The Belarus Department of Nuclear and Radiation Safety (Gosatomnadzor) has published a national report on the results of stress tests for the nuclear power plant under construction at Ostrovets, local media reported.
It concluded that the plant, which uses a Generation 3+ Russian design, fully meets the highest international safety standards adopted after the 2011 Fukushima accident. The national report has now been submitted to the European Nuclear Safety Oversight Group and the European Commission for an international peer review.
Gosatomnadzor head Olga Lugovskaya said Belarus realises the importance of ensuring a sufficient level of security for the plant. "We note that this level of safety is defined in the national stress test prepared by us. We are a newcomer to the implementation of a nuclear power programme. For us the stress test procedure is not only a reliable tool for verifying and confirming the safety of NPPs, but also enables growth in terms of developing technical competencies for the technical support organisations that participated in the preparation of the national report," she said.
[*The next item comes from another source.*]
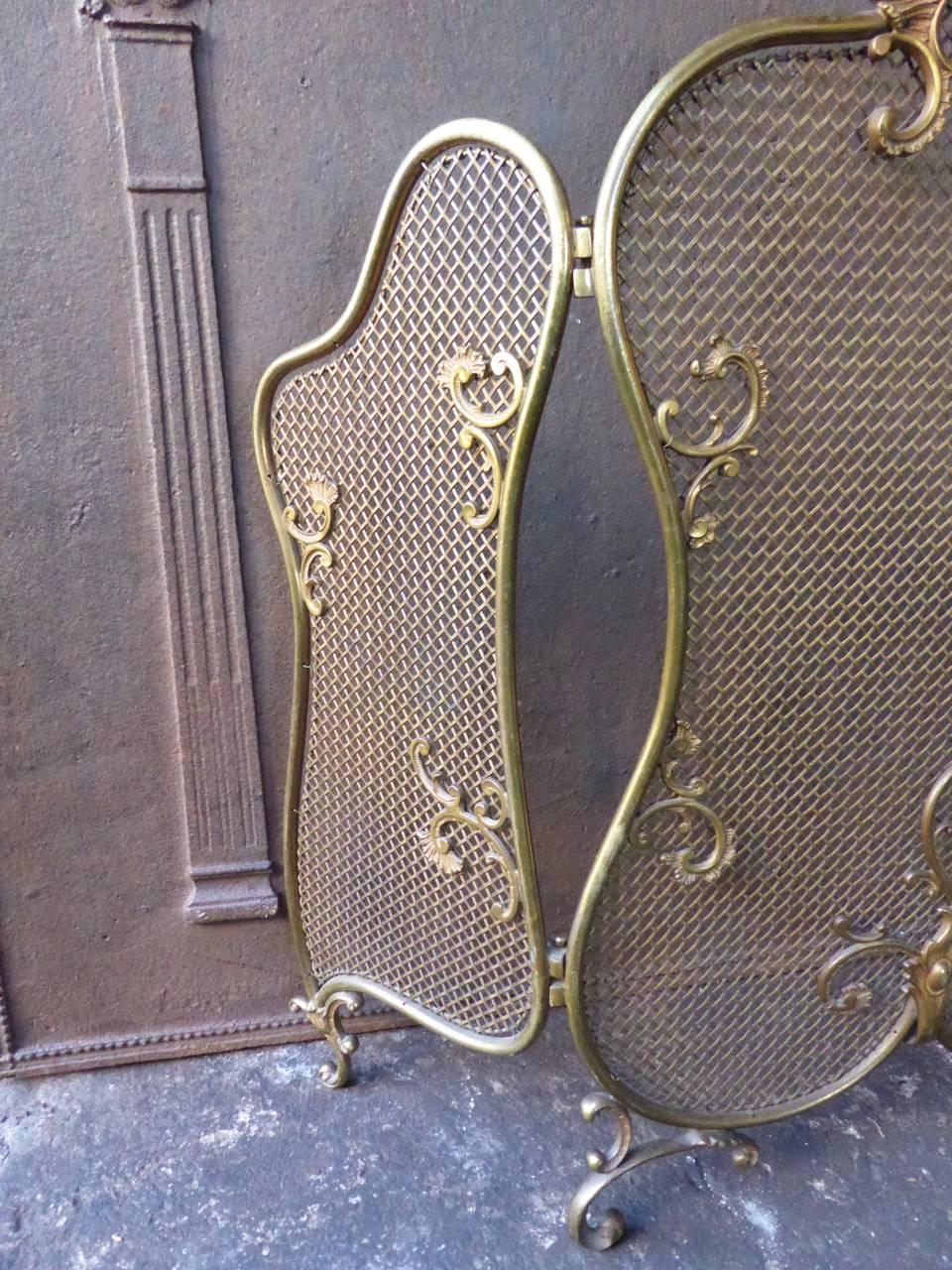 Rococo 19th Century French Fire Screen, Fireplace Screen
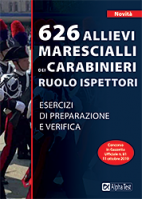 Ebook* 626 allievi Marescialli nei Carabinieri, ruolo Ispettori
The Belarusian experts assessed the earthquake risk and, according to the results of a complex probabilistic analysis, the maximum earthquake intensity in the area of the station site is 6 on the MSK scale. However, the reactor facilities are designed to withstand an earthquake with a magnitude of 8 on the MSK scale. As to flooding, although floods in the vicinity of the reactor site are not possible (for this, water would have to rise 51.5 metres above the historic maximum), the station would nevertheless withstand such a level of flooding. The plant would also be able to endure the most extreme weather conditions (which occur every 10,000 years), such as a rise in air temperature of up to 50C, or a tornado with a speed of up to 62 miles/sec, or even a combination of these two events.
Belarus volunteered to conduct a comprehensive assessment of nuclear safety based on the EU criteria when in 2011 it joined the Joint Declaration on Risk Assessment and Nuclear Safety.
The Belarusian NPP carried out a self-assessment of safety and in March 2017 submitted a report to the Gosatomnadzor. The Department then organised a safety review of the report, which was carried out by the Joint Institute for Energy and Nuclear Research "Sosny", and was the basis for preparation of the national report.
Lugovskaya said a team of European experts has already been formed to consider the national report over several months. "By prior arrangement, in March (2018) we expect the arrival of European experts for discussions, exchange of opinions and, possibly, the formulation of proposals for our national report," she added.